Affitto a canone concordato, come funziona.
Si tratta di un contratto locazione a prezzi calmierati dove i beneficiari sono sia gli inquilini, ma anche i proprietari, che pagheranno una cedolare secca più bassa, al 10% .
Come si stabiliscono i canoni concordati.
Per prima cosa è necessario che si attivino il comune e le associazioni più rappresentative a livello locale dei proprietari e degli inquilini. Insieme devono infatti stabilire le modalità di valutazione degli immobili: il territorio comunale viene suddiviso in zone urbane omogenee, cioè delle aree aventi caratteristiche simili per valori di mercato, dotazioni infrastrutturali (trasporti pubblici, verde pubblico, servizi scolastici e sanitari), tipologie edilizie (categorie e classi). Per ogni area gli Accordi territoriali devono prevedere un valore minimo ed un valore massimo del canone considerando la categoria catastale, lo stato manutentivo dell’immobile, eventuale/i pertinenze/i, presenza di spazi comuni, dotazioni di servizi tecnici, presenza di mobilio.

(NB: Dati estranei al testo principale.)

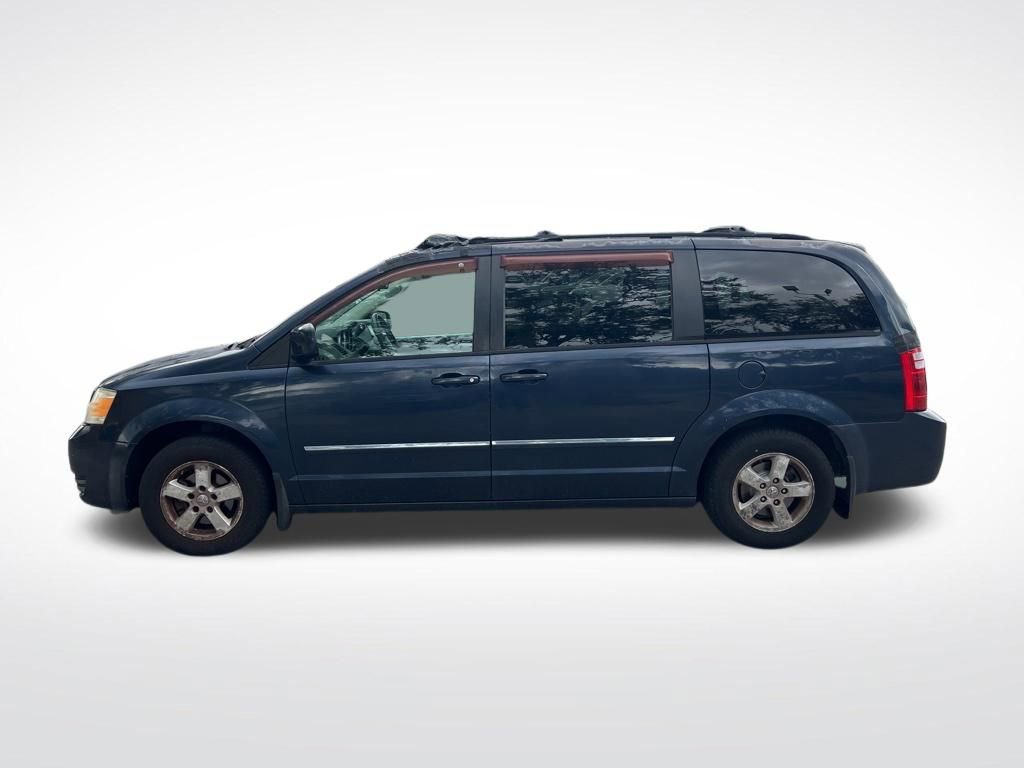 Used 2008 Dodge Grand Caravan SXT w/ Entertainment Group 2 FWD image 8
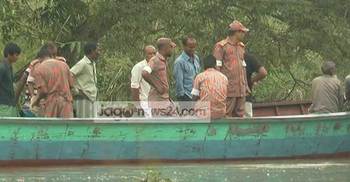 ট্রলারডুবির ঘটনায় নিখোঁজ একজনের মরদেহ উদ্ধার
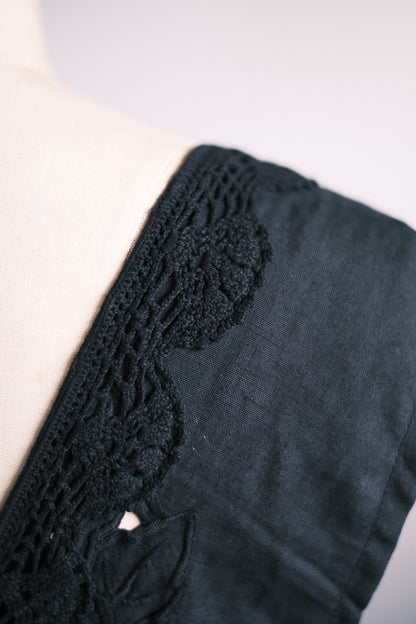 No.４｜黒のジャンパーワンピース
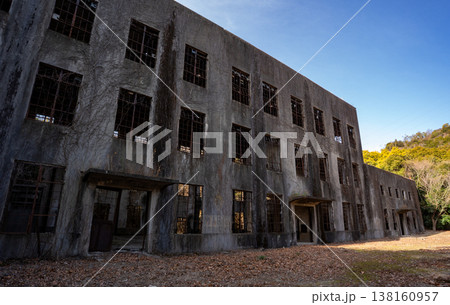 大久野島の発電場跡に風景（竹原市） 138160957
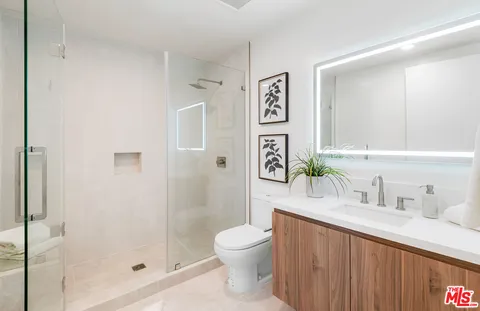 a close view of utility room and washer dryer
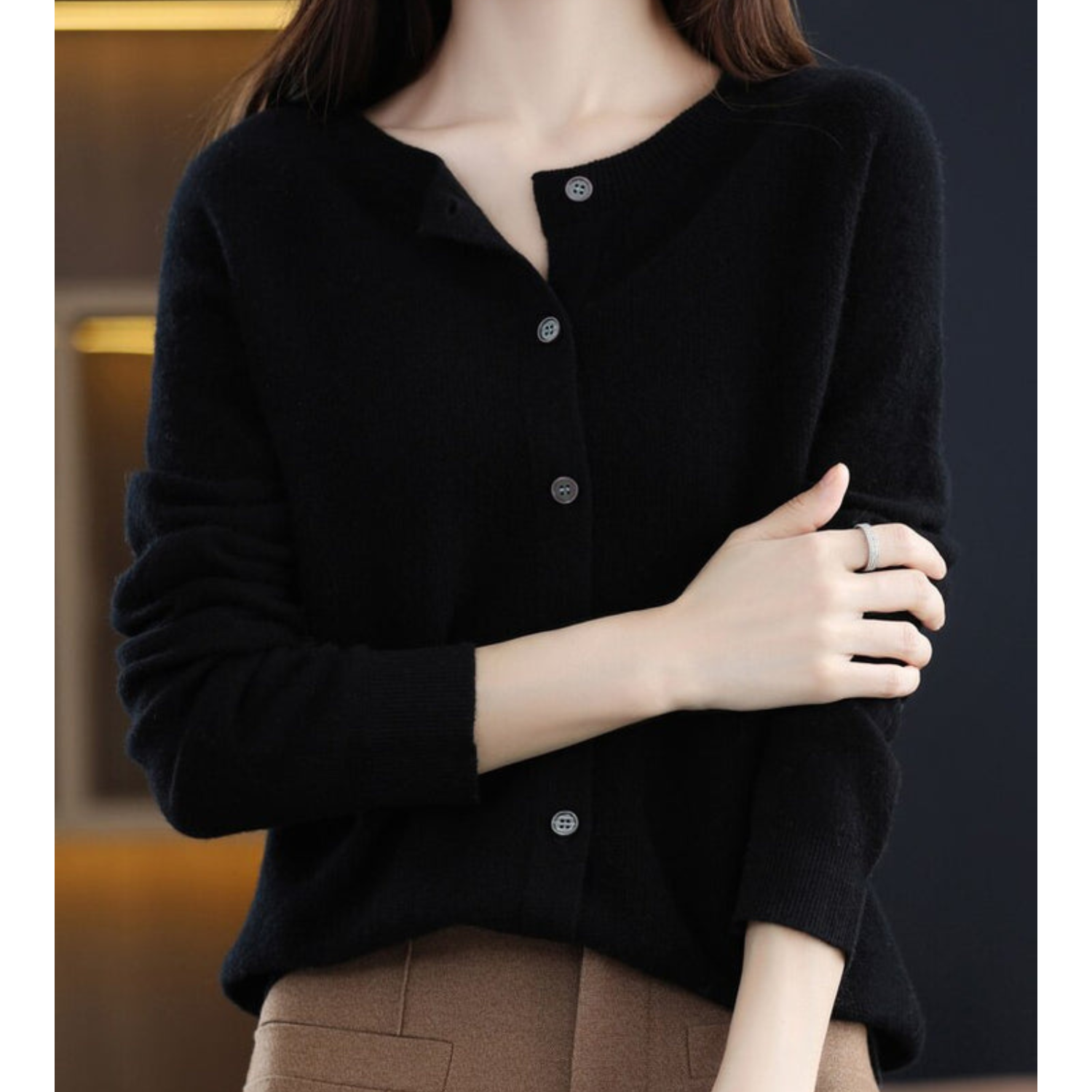 Elegante Strickjacke mit Rundhalsausschnitt für jeden Anlass 5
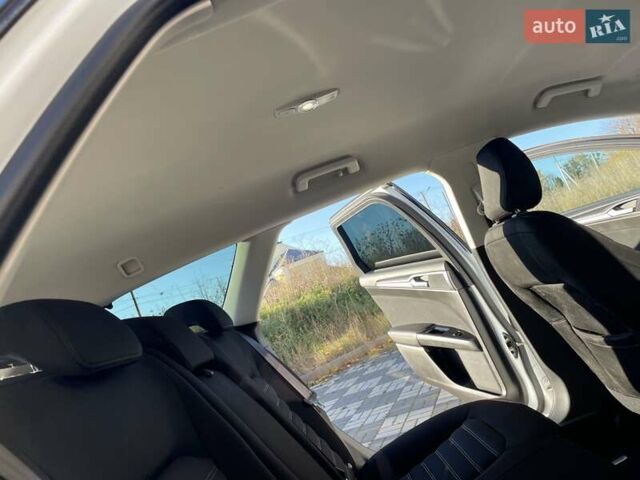 Белый Форд Мондео, объемом двигателя 2 л и пробегом 361 тыс. км за 12000 $, фото 38 на Automoto.ua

Il prezzo del canone mensile concordato sarà quindi più basso di quelli di mercato, calcolato nella fascia compresa tra i minimi e i massimi individuati, viene determinato come moltiplicazione tra il valore in euro per metro-quadro, con un valore minimo/massimo per ogni area come stabilito dall’Accordo, e la metratura dell’immobile. Quanto ottenuto è il canone che va indicato nel contratto.
Nel caso in cui le parti contraenti concordino una durata superiore ai tre anni, la fascia di oscillazione dei canoni relativa alla zona ove è ubicato l’immobile subirà un aumento nei valori minimi e massimi pari al:
– 5% in caso di durata del contratto pari a quattro anni (4 + 2);
– 10% in caso di durata del contratto pari a cinque anni (5+2);
– 15% in caso di durata del contratto pari a sei anni (6+2).
Rispetto ai contratti liberi ci sono due differenze fondamentali:
– La prima è che durano meno: tre anni più due di rinnovo automatico alla prima scadenza o altri 3 previa intesa.
– La seconda sono le agevolazioni fiscali:
Per i proprietari esistono tre interessanti sconti fiscali, più una potenziale, a seconda dei comuni
1. L’imponibile irpef (la parte del canone, cioè, che va dichiarata sul 730 o sull’unico) è del 66,5%, anziché l’85% ordinario, nel caso in cui non si scelga la cedolare secca.
2. L’imposta di registrazione (che proprietario e inquilino devono di norma pagare metà per uno) è dell’1,4% annuo sul valore del canone, anziché del 2%.
3. Per chi sceglie l’opzione della cedolare secca l’aliquota unica è ridotta dal 21% al 10%.
4. I comuni possono (non sono obbligati: consultate il vostro comune) stabilire aliquote più basse per l’imu o maggiori detrazioni. Il governo dispone che i comuni possono portare al al 4 per mille l’aliquota imu per queste abitazioni, che diversamente sarebbero soggette alla fascia compresa tra il 7,6 e il 10,6 per mille delle seconde case.
Per gli inquilini a basso reddito, inoltre, sono stabilite detrazioni fiscali sulla dichiarazione dei redditi rispettivamente di 495,80 euro (se il reddito complessivo che non supera 15.493,71 euro), e di euro 247,90 (se il reddito complessivo giunge fino a 30.987,41 euro)
Conviene dunque questo contratto? Si, sempre e quando la differenza tra il canone concordato e quello libero non sia eccessivo (fino a un 25% conviene).